§ **Exercise requirements**
Among the lines of data below, reproduce only those from the one with "A cordless reciprocating" through the one with "Jesus Take the Wheels Kids Tee", exactly as they stand, both ends included.

§ **Listed entries**
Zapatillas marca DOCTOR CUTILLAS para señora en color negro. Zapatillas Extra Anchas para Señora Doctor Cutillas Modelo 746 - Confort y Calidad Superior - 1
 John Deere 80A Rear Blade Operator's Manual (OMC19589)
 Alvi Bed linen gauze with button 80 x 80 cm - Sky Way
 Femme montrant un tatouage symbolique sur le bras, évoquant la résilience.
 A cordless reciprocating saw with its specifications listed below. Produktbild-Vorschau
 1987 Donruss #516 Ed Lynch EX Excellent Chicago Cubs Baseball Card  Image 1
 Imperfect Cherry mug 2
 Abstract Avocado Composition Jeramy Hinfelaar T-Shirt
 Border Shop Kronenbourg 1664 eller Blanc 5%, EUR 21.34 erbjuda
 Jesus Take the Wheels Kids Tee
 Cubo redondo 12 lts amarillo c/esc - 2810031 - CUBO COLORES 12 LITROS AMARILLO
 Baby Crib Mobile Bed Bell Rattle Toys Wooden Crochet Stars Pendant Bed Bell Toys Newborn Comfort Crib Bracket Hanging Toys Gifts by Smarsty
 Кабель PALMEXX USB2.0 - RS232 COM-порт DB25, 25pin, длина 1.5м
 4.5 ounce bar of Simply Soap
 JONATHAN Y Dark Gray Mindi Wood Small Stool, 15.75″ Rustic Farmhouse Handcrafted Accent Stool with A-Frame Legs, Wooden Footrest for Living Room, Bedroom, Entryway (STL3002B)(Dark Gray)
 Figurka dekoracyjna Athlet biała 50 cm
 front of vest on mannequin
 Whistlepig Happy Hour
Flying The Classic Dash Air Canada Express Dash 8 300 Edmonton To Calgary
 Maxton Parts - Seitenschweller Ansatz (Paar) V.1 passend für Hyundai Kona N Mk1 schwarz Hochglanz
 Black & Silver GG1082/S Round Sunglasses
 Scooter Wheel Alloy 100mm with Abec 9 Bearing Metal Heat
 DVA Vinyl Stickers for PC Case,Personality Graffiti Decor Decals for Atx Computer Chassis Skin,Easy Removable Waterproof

§ **Solution to this problem**
 A cordless reciprocating saw with its specifications listed below. Produktbild-Vorschau
 1987 Donruss #516 Ed Lynch EX Excellent Chicago Cubs Baseball Card  Image 1
 Imperfect Cherry mug 2
 Abstract Avocado Composition Jeramy Hinfelaar T-Shirt
 Border Shop Kronenbourg 1664 eller Blanc 5%, EUR 21.34 erbjuda
 Jesus Take the Wheels Kids Tee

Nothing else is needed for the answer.